As someone who has never felt the urge to get married and become somebody's wife, I find all this pretty hard to relate to. When girls say that all they want to do is be a housewife and be answerable to a man something inside me just stirs and makes me want to say, 'But...but...independence? Doing things on your own and not having to rely on somebody else for everything you need?' It is personal preference but it still can't help but irritate me. And America and Aspen are all about traditional gender roles. He is the tough, alpha male, provider and he can't stand it when he feels the roles are becoming reversed,
"America, I'm supposed to be providing for you. It's humiliating for me to come here and have you do all this for me...I'm not some charity case, America, I'm a man. I'm supposed to be a provider."
Ughh. 

Despite all of the gushing America does about her love for Aspen and how she is his princess already blah blah blah, you can tell that really she would love to be rich and famous and live in a palace. She has doubts right at the beginning of the book,

'If I had to choose between sleeping in a palace with people waiting on me or the three-room apartment with Aspen's family, which one did I really want.'
These doubts never go away, which is why the ridiculous love triangle occurs. Maxon the Prince is presented in opposition to Aspen's alpha male character, as posh, weak and wimpy,
'Maxon was so stiff and quiet.

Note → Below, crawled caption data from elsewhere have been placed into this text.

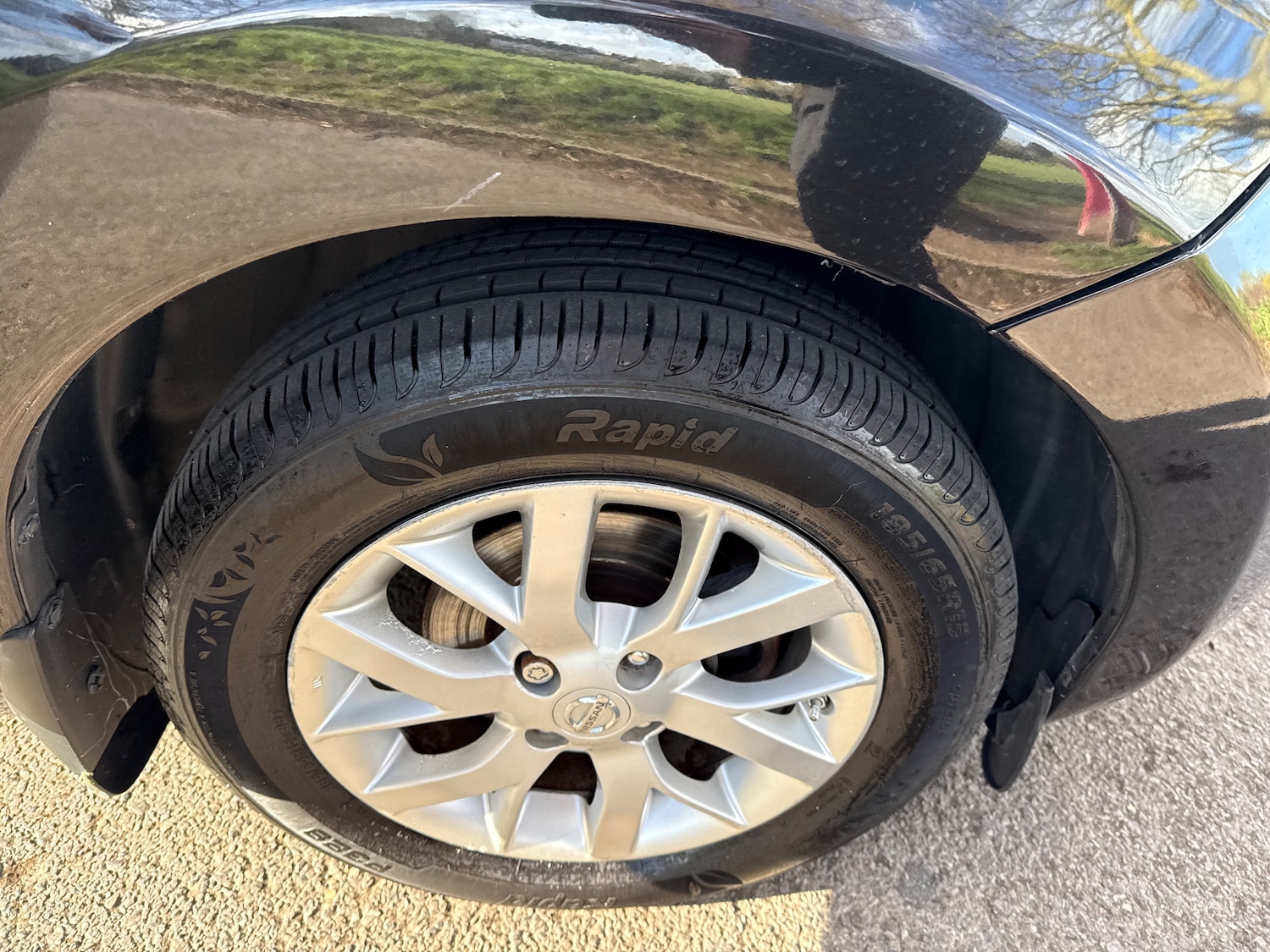 Used Nissan Note 2014 for sale - 78172100: Photo 43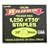 Arrow Fastener 505 5/16-Inch T50 Staples (1,250-Pack)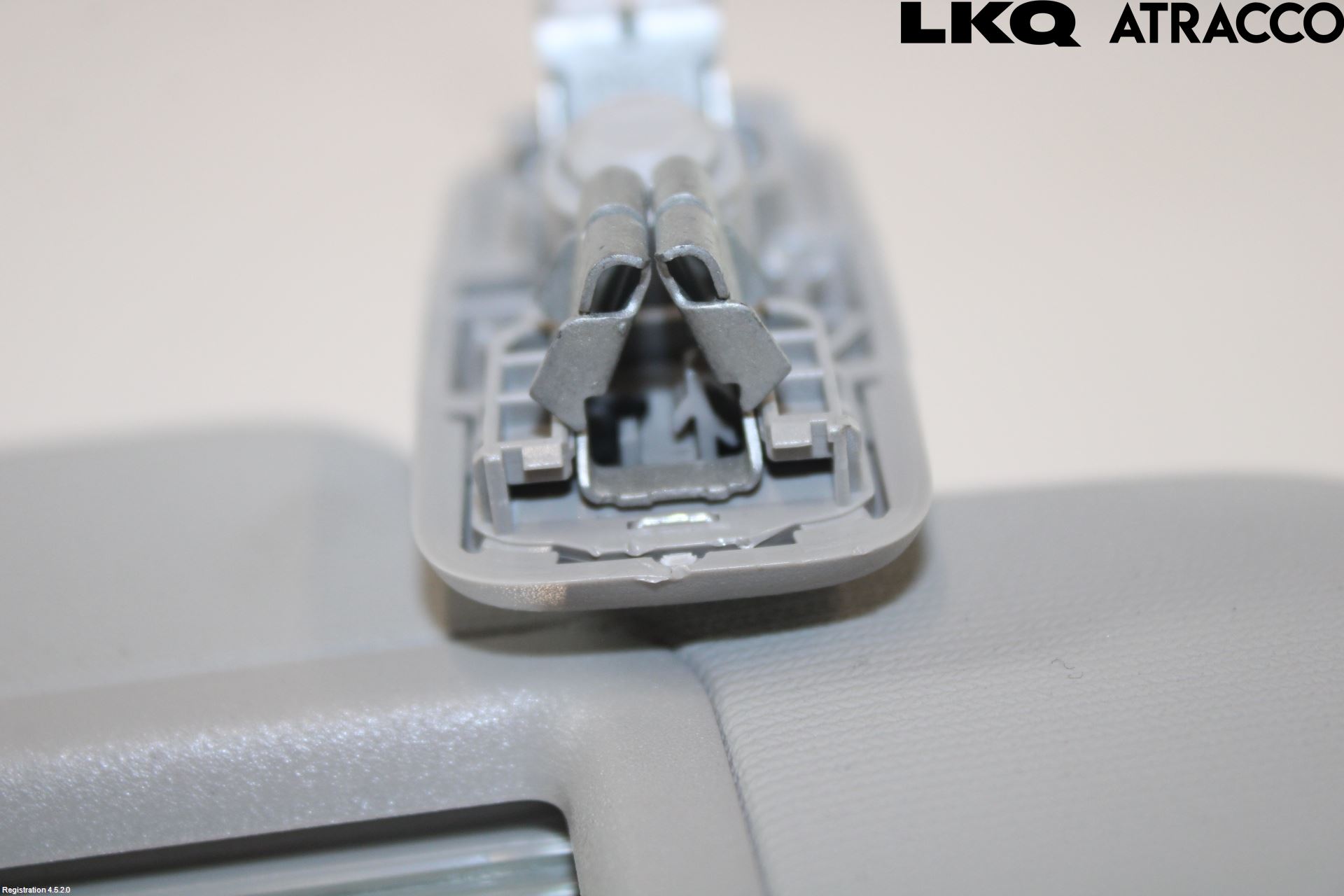 Seat LEON 20- Solskydd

It was hard to imagine anyone being happy with such a wimp.'
Maxon likes America despite the fact she tells him she is in love with someone else, knees him in the crotch because she thinks he is trying to molest her, and on their very first meeting yells at him about being weak and posh and wimpy despite not knowing anything about him. It is the cringiest scene I have ever read in a book EVER, which, again, makes it pretty unintentionally hilarious.

This review is getting too long so I'm just going to quickly sum up everything else that was wrong with this book. 

1.) No sex before marriage is apparently a brilliant idea, and everybody abides by it,

'I was disgusted, revolted. The law, Illean law, was that you were to wait until marriage. It was an effective way of keeping diseases at bay, and it helped keep the castes intact.'
So, according to America having sex before marriage is disgusting and revolting. Oh, and before you go into The Selection you have to state how virginal you are. Non virgins are too soiled for this Prince. 

2.) World building. There was none. Apparently, America has been taken over by China and is called something like, 'The American State of China'. No explanation except during a flimsy history lesson which tells us absolutely nothing. And there are terrorists attacking the castle...for some reason? It is all very silly and farcical and Cass isn't fooling anyone that this is anything other than a very shallow, silly book.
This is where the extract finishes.